四柱推命ピタグラフ

文字数 831文字

 四柱推命で占ってもらえるソフト。四柱推命とは、生まれた年、月、日、時の四つの柱から人の運勢や吉凶を判断する中国発祥の占い。
 占いソフト。それはゲームといえるのだろうか。いや、ゲームとして発売されたなら、やはりゲームだ。アイドルのデータベースや妖怪図鑑など、「それはゲームなのか?」「それは誰が買うのか?」などと問いたくなるゲームは、昔の方が多かった気がする。いまなら占いサイトなどネットでいくらでも転がっているが、ネットがそれほど一般的ではなかった頃は、こういう占いソフトも貴重でありがたかったのかもしれない。
 でも占いに興味があるなら、実際に占い師に見てもらったり、詳しい本を買ったりした方がいいんじゃないの? などといまの自分は思ってしまう。ゲームじゃなくてもいいような。
 とはいえ過去の自分は購入してプレイしているわけだ。「ぼくはもう一人の他人だ」というアルチュール・ランボーの言葉を思い出す。自分がどういうつもりで買ったのか謎である。
 誕生した日付や時間を入力して占ってもらうだけだから、遊びの部分、ゲーム性といえる部分はかなり稀薄だ。じゃあ何でこのゲームが記憶に残っているのかというと、それはただひとつ、「余命診断」というモードがあったことに尽きる。

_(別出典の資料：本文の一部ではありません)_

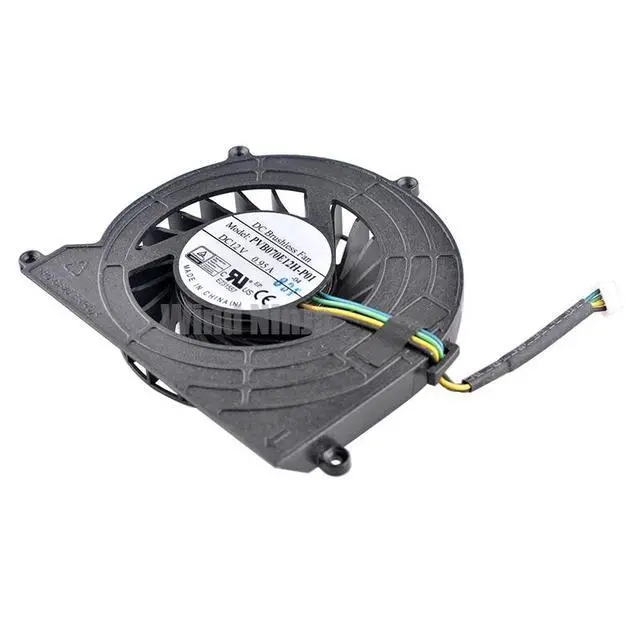 Alt view image 5 of 6 - PVB070E12H-P01 DC12V 0.95A 4pin Cooling fan cooler for all-in-one computer ThinkCentre M93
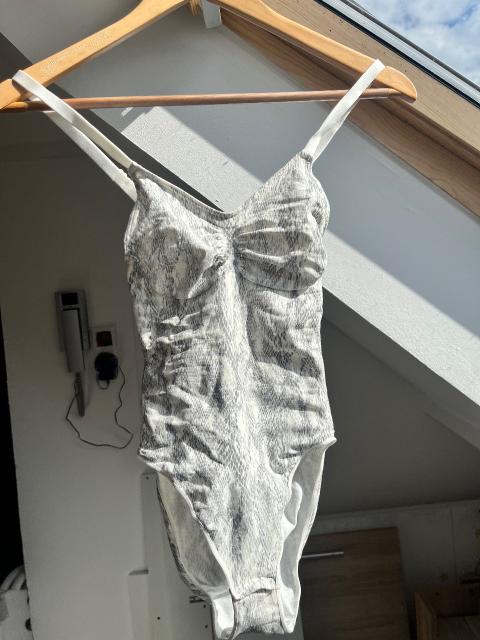 Cfab Cfab Body mit Schlangenmuster | Größe S 🤍 Size S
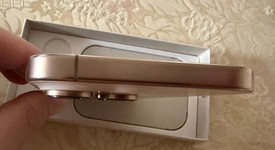 Mint
													Apple iPhone 16 Pro Max - Unlocked, Desert, 512 GB, A3084, photo 4 of 9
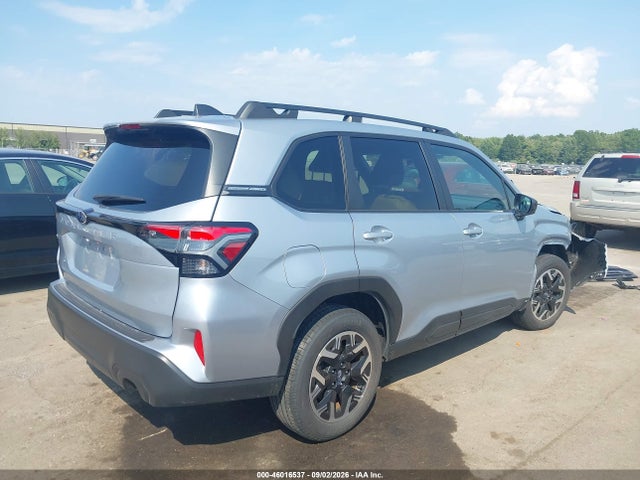 46016537 :رقم المزاد ، JF2SLDDC6SH547419 vin ، 2025 Subaru Forester Premium مزاد بيع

 食の傾向や生活習慣など、いくつかの質問に答えていくと、最後におどろおどろしい文字で「あなたの生存日数はあと○○○○○日」と自分の寿命が表示される。それが非常に印象深かった。そうか、自分はあと○○○○○日で死ぬのか、とすんなり信じたものだ。
 肝心の数字は忘れてしまった。何桁だったかも覚えていない。メモしておけばよかったといまになって思う。当たろうが当たるまいが、興味深い情報だからだ。といっても、いまもう一度プレイしたいとは思わない。当時の自分が目にした生存日数を知りたいのだ。そのときの感慨も含めて。
 それにしても、ゲームに死を宣告されるとは。たしかに、それも遊びには違いないけど。